I spent some years as a public health nurse, helping people with newly diagnosed diabetes learn to administer insulin, teaching mothers how to care for their newborns, running immunization campaigns, investigating disease outbreaks, and advising communities about rabies control and tracking down animals after bites.

Studies show that public health nursing and home health care visiting are associated with reduced use of the emergency room and other expensive health services. If we want to be smart with our state budget, we will fund public health nurses fully by supporting L.D. 1108, which would return the public health nursing program in Maine to full staffing. The Health and Human Services Committee voted in favor of the bill, and it comes before the full House and Senate soon.

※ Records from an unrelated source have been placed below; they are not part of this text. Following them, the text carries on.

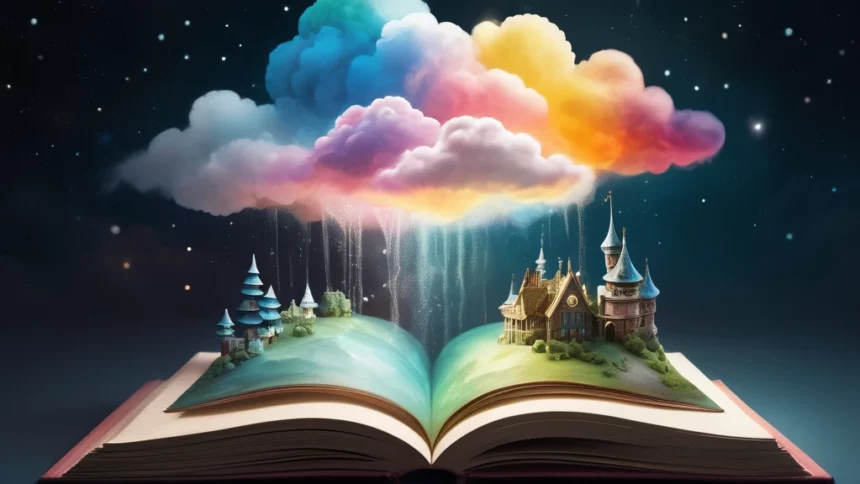 Open dream diary with interpretations in a dreamlike world - Land Dream Meaning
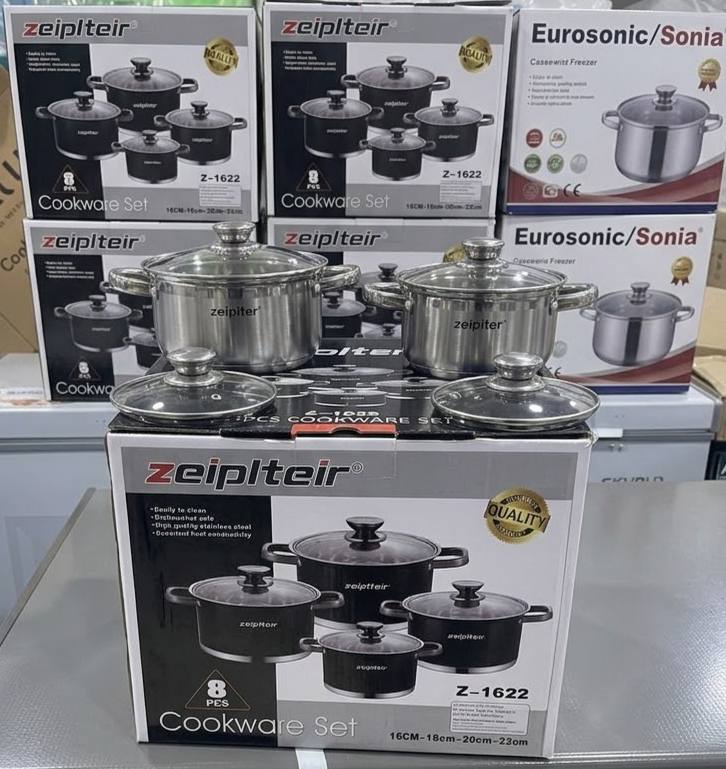Zeipiteir 8-Piece Cookware Set Z-1622 — Home & Kitchen — for sale in Oyo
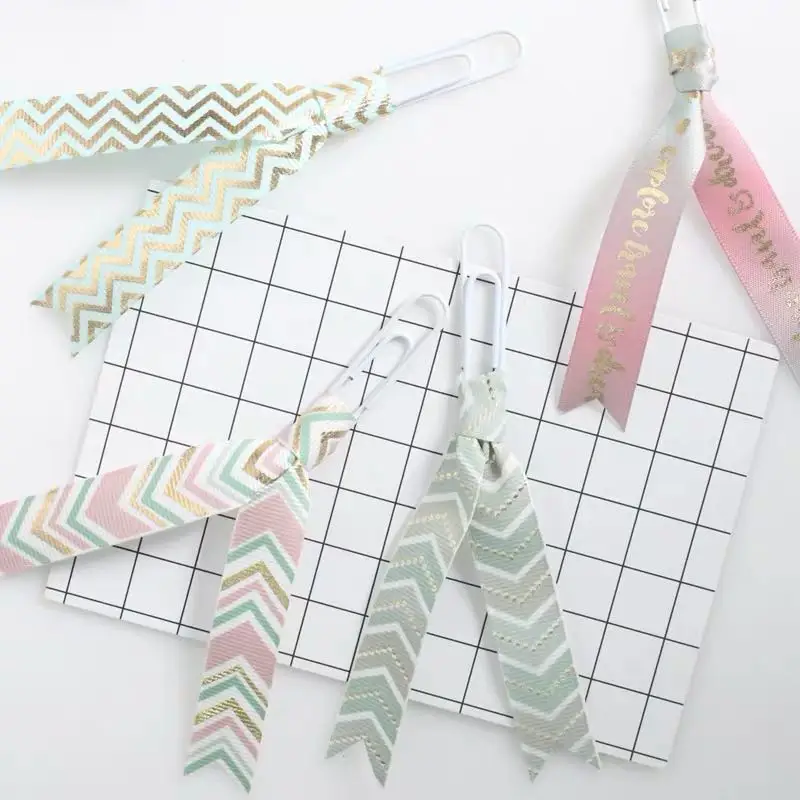 2020 letter pattern custom glitter double face satin ribbon for gift wrapping type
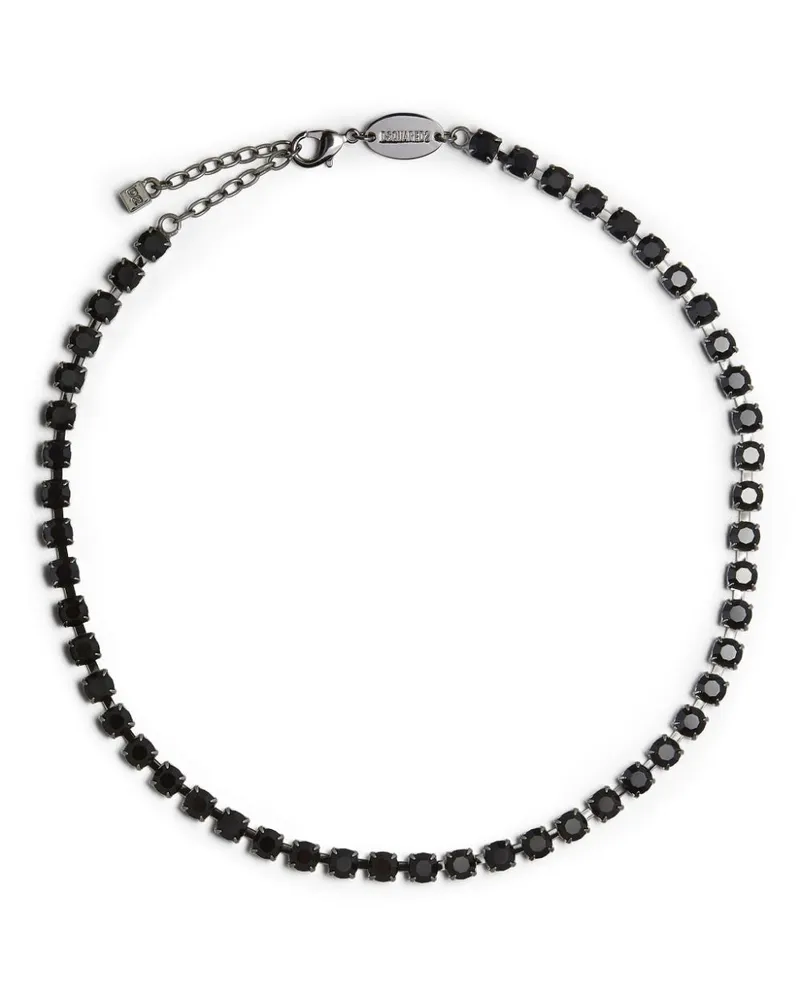 Dsquared2 Halskette mit Kristallen - Silber Silber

Two strategies have been suggested as alternatives to our public health nursing program. One would use volunteers with no medical training or community health workers trained for specific tasks. The second would outsource public health nursing to the private sector.

Neither approach would provide the level of care or flexibility to meet new problems that an adequately staffed public health nursing program can provide. There is a wealth of experience with these strategies in international settings, and they never live up to their hopes and, ultimately, increase costs.

I am now a physician and public health specialist and have spent time in countries around the world with the U.S. Centers for Disease Control and Prevention and the World Health Organization. During disasters and outbreaks, I have worked alongside smart and adaptive public health nurses, well-trained professionals who are the envy of any health system. The thought that Maine would sacrifice nurses to partisan fighting is too much to bear. I urge legislators to make the right decision for Maine and vote “yes” on L.D. 1108.